What you should do
Every record here must be copied exactly, except for the images it holds.

Saved data entries:

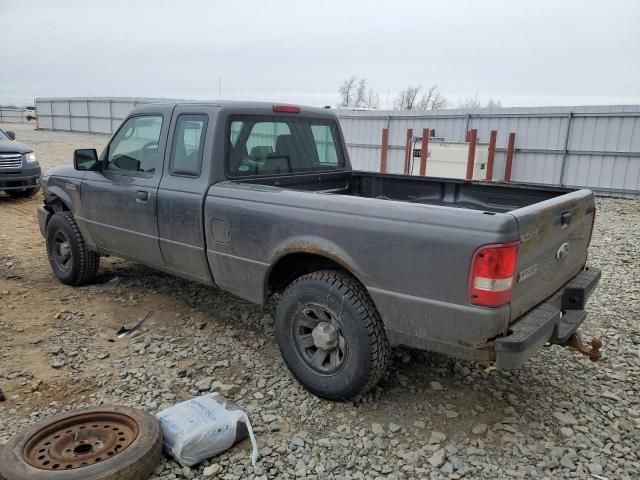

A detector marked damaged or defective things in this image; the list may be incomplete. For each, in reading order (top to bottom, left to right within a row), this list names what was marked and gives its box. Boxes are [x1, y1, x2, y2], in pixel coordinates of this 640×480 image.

rusted bumper [496, 268, 600, 370]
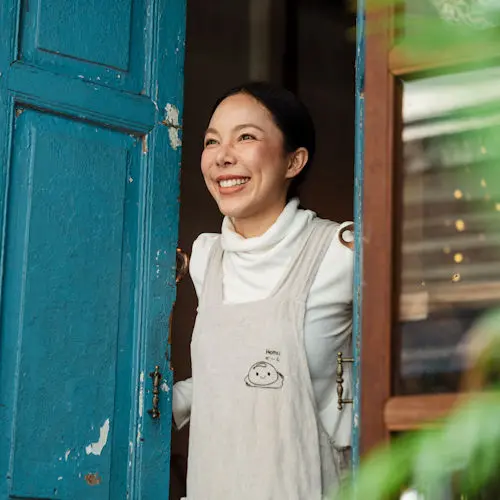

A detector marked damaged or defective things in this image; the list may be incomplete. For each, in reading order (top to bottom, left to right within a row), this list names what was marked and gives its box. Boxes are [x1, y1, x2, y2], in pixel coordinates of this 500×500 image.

chipped paint [164, 103, 182, 150]
chipped paint [85, 418, 110, 458]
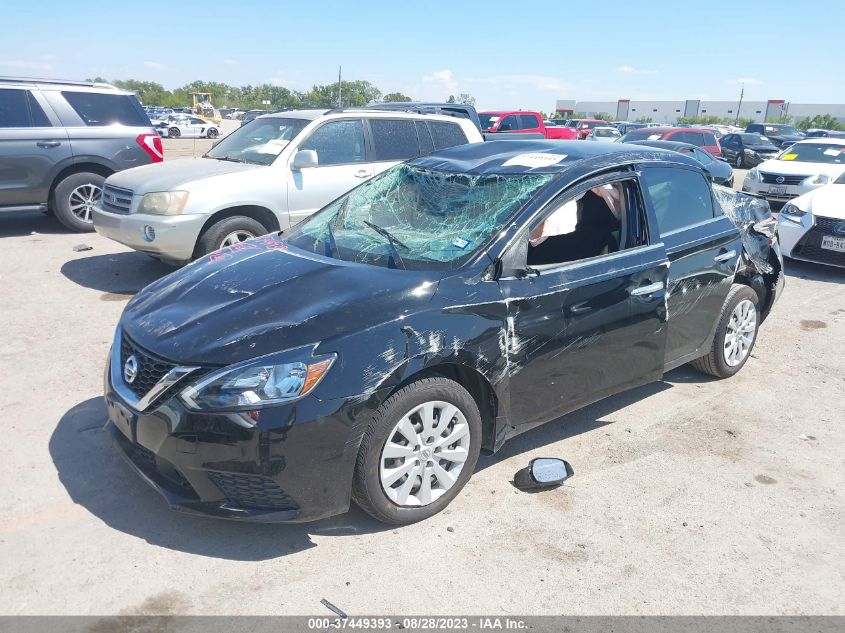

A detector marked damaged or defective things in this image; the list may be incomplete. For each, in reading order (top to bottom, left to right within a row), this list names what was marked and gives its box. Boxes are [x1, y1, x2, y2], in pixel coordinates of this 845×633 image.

shattered windshield [204, 116, 310, 165]
shattered windshield [284, 163, 552, 270]
dented front door [498, 244, 668, 428]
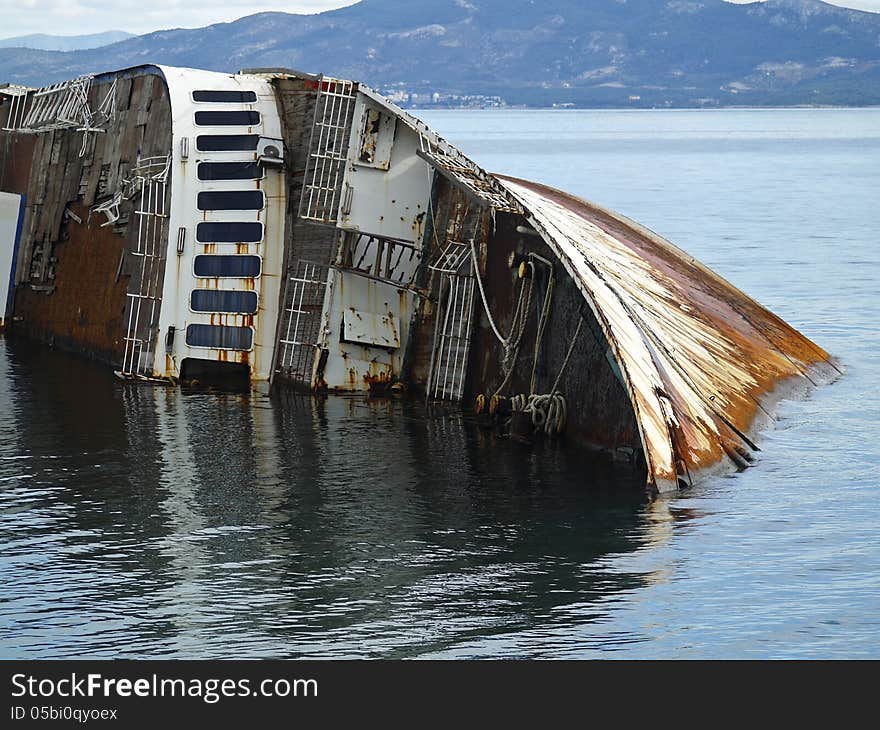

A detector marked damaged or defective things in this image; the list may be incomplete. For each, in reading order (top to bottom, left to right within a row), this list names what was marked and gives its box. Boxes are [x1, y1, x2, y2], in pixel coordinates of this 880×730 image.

rusted metal plate [502, 175, 840, 490]
corroded steel panel [502, 176, 840, 492]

Answer space
A detector marked damaged or defective things in this image; the list may be incomplete. For each, in reading order (top to bottom, left to right within a row), this list names what was marked and gives its box. Boxes are [x1, y1, x2, y2], in pixel coordinates of this 640×480 image.

rusted bumper [496, 268, 600, 370]

A detector marked damaged or defective things in this image; the list may be incomplete. For each, in reading order (top to bottom, left to right within a row), this list names what was marked and gives its box. Boxes are [x1, y1, x2, y2], in pixel coordinates of this 500×500 image.

chipped paint [164, 103, 182, 150]
chipped paint [85, 418, 110, 458]

A detector marked damaged or defective things in this image; the list may be incomplete. For each, in reading order (top to bottom, left to right within a row), this list names what was marked and gives its box. Boxes are [x1, y1, x2, y2], in pixel coordinates of this 845×633 image.

shattered windshield [204, 116, 310, 165]
shattered windshield [284, 163, 552, 270]
dented front door [498, 244, 668, 428]

A detector marked damaged or defective things in this image; the list may be incomplete. For each, in reading order (top to bottom, left to right within a row), this list names what was marked and gives its box. Boxes are [x1, y1, x2, y2], in pixel coordinates of this 880×730 image.

rusted metal plate [502, 175, 840, 490]
corroded steel panel [502, 176, 840, 492]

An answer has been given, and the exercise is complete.